Capita (“CPI” or “the Company”) is a London based business process outsourcing provider. The Company’s products include business process management, business transformation services and HR functions. Capita delivers its services to a wide range of differing industries including high growth end markets such as Healthcare, Education and Defense. Capita caters to both the public and private sector in the United Kingdom. Capita is currently trading at ~£38/share. The Company currently represents ~6 % of my total portfolio and my position has generated a ~30.6% profit since purchase. Compared to the FTSE100 which is up ~1% YTD, Capita is up ~51%. I believe that Capita is still undervalued relative to industry peers and am bullish about the long-term growth prospects of the Company.
Business Process Outsourcing (“BPO”) is a unique industry because industry players typically benefit from rising interest rates. As monetary policy makers across the world are increasing the cost of borrowing, businesses are forced to look towards external parties to do their standard business processes. For example, rising rates leads to the outsourcing of HR and accounting processes to reduce overhead costs. However, simultaneously the profit margins of BPO providers are hurt greatly by rising wages. Labor is often the highest expense category for these businesses. The recent success of Capita suggests impressive cost management of these high labor costs.
In the United States, major industry players are $ACN $CNDT and TD SYNNEX. Together these three companies make up 25% of the US market share in BPO. IT Consulting and Business Process Outsourcing in the United Kingdom is a much more fragmented market. Key players include Big 4 accounting professional service providers, and other more industry specific players like Capita. The total market size of UK Business Process Outsourcing is projected to reach ~$27B by the end of 2023, compared to ~$130B in the US. The UK market is expected to grow at a CAGR of 6.8% from 2023-2027.
One of the important aspects about Business Services is the ability to benefit from success in high-growth end markets. As clients in these end markets expand, they usually streamline their business processes and outsource to external players. For Capita, a key growth initiative surrounds acquiring a higher quality contract portfolio to increase margins. High margin clients include $SMSN.L the UK Army, and NHS England. Additionally, Capita management is focused on increasing their suite of product offerings beyond business process outsourcing to include more tech enabled services.
Comparable public companies in the IT consulting and business process outsourcing industries suggest that Capita is undervalued. CPI has a PE ratio of 8.53x. US peers are trading at a much higher valuation. Companies like Accenture (25.78x), TD SYNNEX (13.06x) and $EPAM systems (40.30x) have much higher PE ratios despite providing a similar suite of Business Process Outsourcing services.
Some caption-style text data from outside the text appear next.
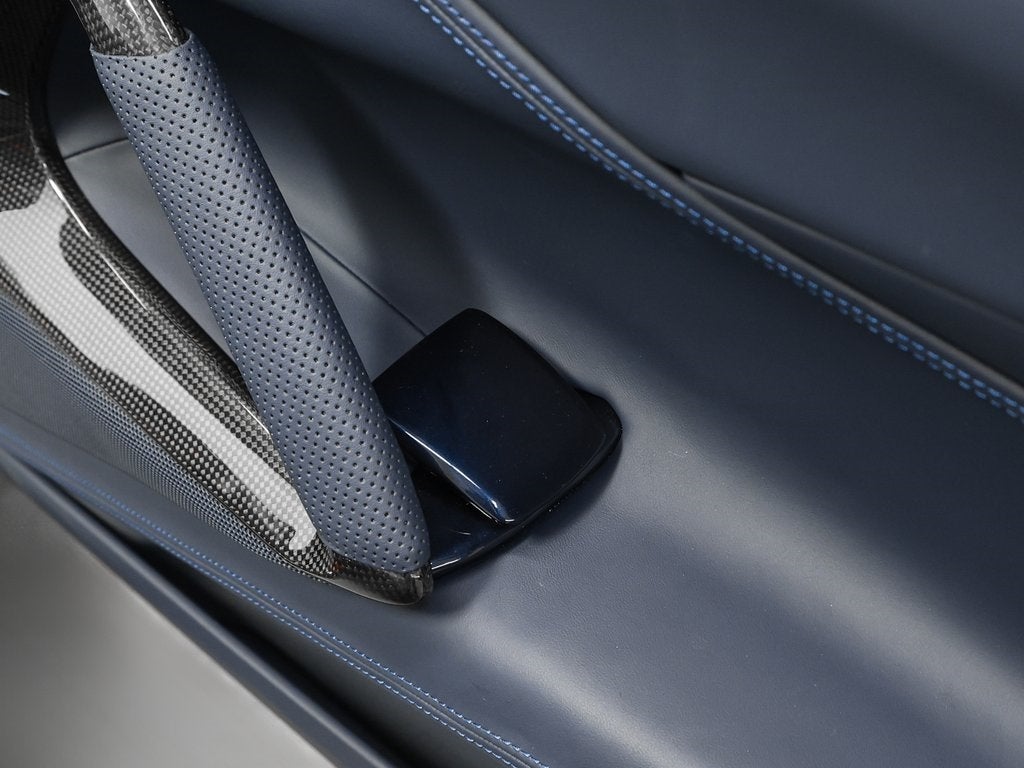 2021 Ferrari 812 GTS Base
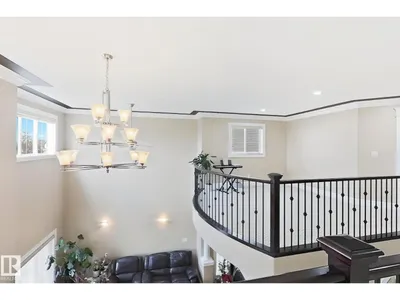 5931 12 AV SW photo 29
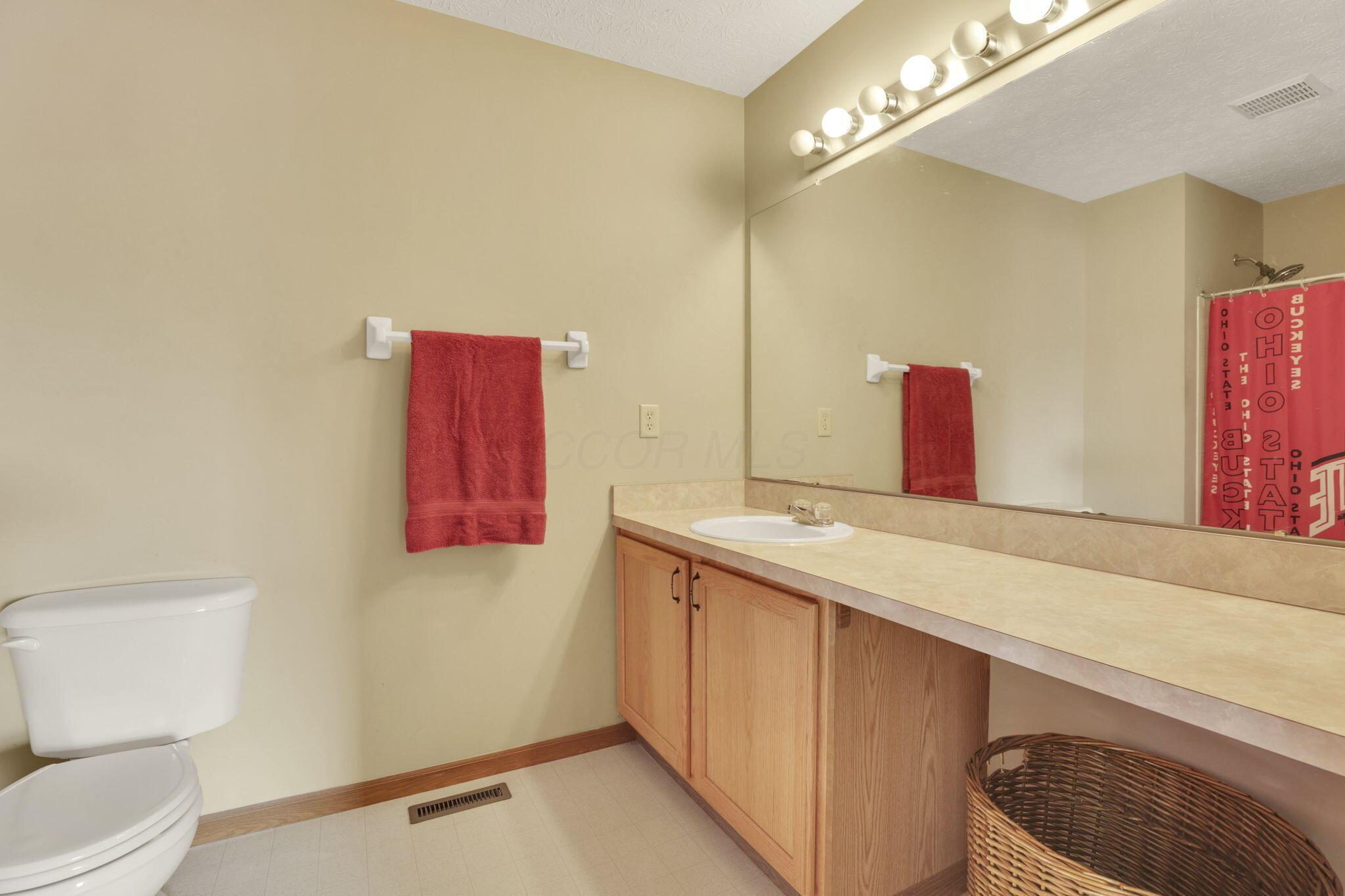 915 Wellsley Way, Plain City, Ohio image 36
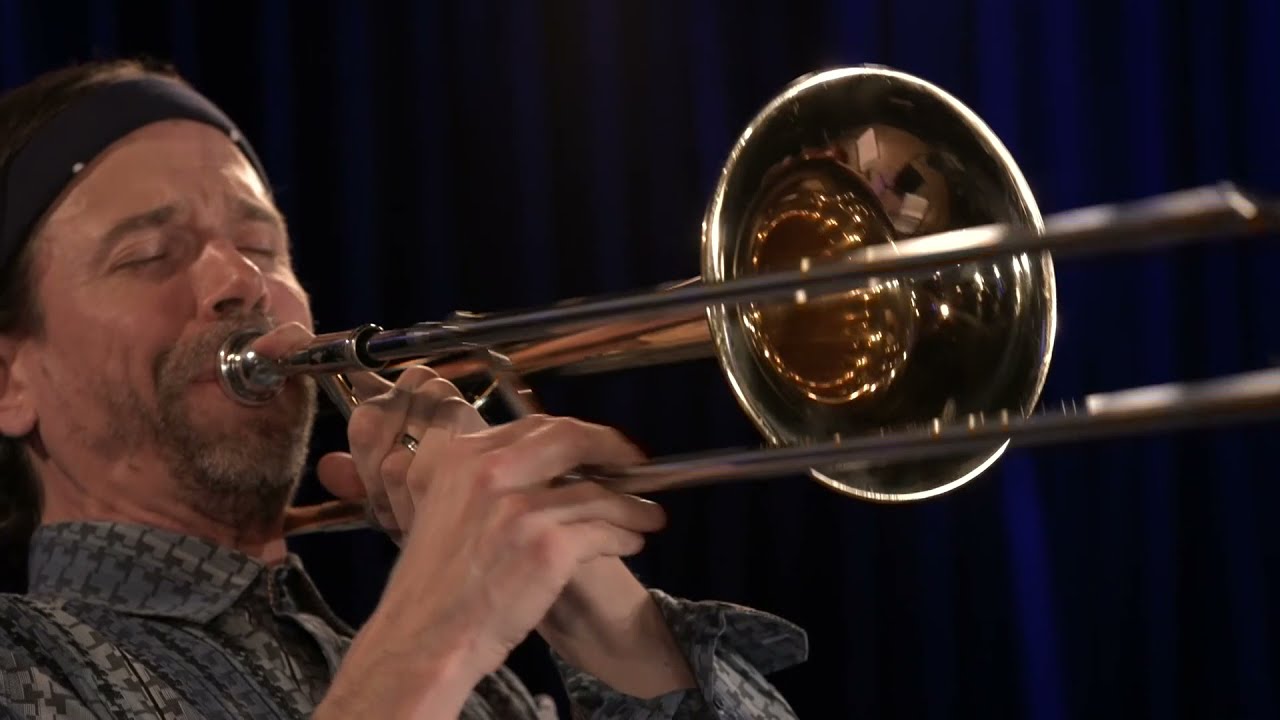 'Absinthe' by Ryan Keberle, Frank Woeste, Vincent Courtois [Live]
Although Accenture and TD SYNNEX likely have a size premium compared to Capita, EPAM systems has $4.8B in revenue; making it similar in size to Capita. According to Simply Wall Street, the average PE ratio for UK professional service providers is 26.3x. Despite recent success, Capita may still be undervalued relative to peers.
• Market Cap: 651.335M
• Revenue: 3.08B TTM
• Current Ratio: 0.57
• Forward PE: 8.53x
• Net Debt: 482M
• EV/EBITDA: 6.41X
• Levered FCF: (23.07M)
Capita is not currently profitable from a free cash flow perspective due to struggles with liquidity. The current ratio less than 1.0 reflects the need to use a revolving line of credit to pay for the Company’s short term obligations. However, the company reduced its net debt from over $600M in 2021. The Company is likely very close to FCF profitability. If the company continues to succeed, its likely that the stock price will continue to increase.
Capita is a strong player in the UK IT consulting and Business Process Outsourcing space. The Company is undervalued relative to peers and caters to high growth end markets such as Defense, Healthcare and Education. The Company’s management is focused on repaying their existing debt to solve short term liquidity problems. I am bullish about the long-term growth prospects of Capita (LON: CPI).